Subject: [OM] apo lenses
From: Joseph Albert <jalbert@xxxxxxx>
Date: Sun, 27 Sep 1998 03:23:44 -0600 (MDT)
Winsor writes:

So if I understand you correctly, a well designed 300/f4.5 with a little
low dispersion glass will correct for chromatic aberration as well a faster
APO design with ultra low dispersion glass.

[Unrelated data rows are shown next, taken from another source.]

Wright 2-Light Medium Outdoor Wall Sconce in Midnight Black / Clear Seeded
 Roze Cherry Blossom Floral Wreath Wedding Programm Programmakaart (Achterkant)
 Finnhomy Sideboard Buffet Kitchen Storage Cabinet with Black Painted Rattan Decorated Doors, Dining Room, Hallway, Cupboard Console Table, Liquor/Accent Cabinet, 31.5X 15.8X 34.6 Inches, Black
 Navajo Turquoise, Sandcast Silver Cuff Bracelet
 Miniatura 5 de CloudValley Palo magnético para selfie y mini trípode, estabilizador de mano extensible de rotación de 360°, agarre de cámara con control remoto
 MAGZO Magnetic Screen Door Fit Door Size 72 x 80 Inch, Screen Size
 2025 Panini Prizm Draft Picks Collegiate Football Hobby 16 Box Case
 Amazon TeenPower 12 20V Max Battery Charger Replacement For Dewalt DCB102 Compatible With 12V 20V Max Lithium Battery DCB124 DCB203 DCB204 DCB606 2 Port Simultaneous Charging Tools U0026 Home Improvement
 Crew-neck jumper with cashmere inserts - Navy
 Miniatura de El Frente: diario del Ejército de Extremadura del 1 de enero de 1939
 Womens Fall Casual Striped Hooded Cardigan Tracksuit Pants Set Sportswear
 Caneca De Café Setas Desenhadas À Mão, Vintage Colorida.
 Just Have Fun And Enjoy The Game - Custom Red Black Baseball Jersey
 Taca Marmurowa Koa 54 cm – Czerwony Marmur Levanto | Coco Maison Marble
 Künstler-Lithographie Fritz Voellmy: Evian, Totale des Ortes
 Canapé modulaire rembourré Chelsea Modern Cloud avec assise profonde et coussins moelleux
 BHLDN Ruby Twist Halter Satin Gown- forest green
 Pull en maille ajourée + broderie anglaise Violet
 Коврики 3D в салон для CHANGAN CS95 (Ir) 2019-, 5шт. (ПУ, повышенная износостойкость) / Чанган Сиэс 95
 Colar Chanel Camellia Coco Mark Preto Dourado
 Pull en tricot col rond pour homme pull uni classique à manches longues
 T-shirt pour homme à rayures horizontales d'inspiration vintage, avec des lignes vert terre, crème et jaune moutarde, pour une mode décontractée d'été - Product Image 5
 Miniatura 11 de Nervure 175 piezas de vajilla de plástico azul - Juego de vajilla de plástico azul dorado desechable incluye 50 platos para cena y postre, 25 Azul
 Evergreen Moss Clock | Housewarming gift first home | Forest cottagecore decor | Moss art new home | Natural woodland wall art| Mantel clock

The design of the lens, like
other design, is using materials appropriate to the task.
===============================

Not quite what I said.  at f/5.6 a 300mm lens doesn't need an apochromatic
design.  I didn't say exactly where it becomes critical, but given that
Olympus includes some low dispersion elements in the later 300/4.5 designs
(it wasn't in the early ones) they obviously think it needs it, so I'll
assume it does.  For sure, a 300/4 does.

You last statement I agree with and would mention that it really isn't
necessary to get hung up on APO/ED glass.  This only has to do with
chromatic aberration and not other aspects of lens sharpness or contrast.
All that matters is that you don't see color fringing in your images.
If you have a sharp lens without color fringing, rest easy and don't
worry about how the lens designers achieved the result.

and Gary writes:

================
Yup.  I'd say you have it down.  For a 300mm, an f/5.6 design doesn't need
expensive glass, so you could have an APO design at a relatively low cost.
================

yes, but it wouldn't be an APO design, rather an achromatic design.
Before low dispersion glass was used there was a technique of
using achromatic doublets.  These are two elements glued together
into a single group.  The second element corrects the chromatic
aberration in the first (for two colors).  apochromatic designs
correct 3 color for chromatic aberration and use low dispersion glass.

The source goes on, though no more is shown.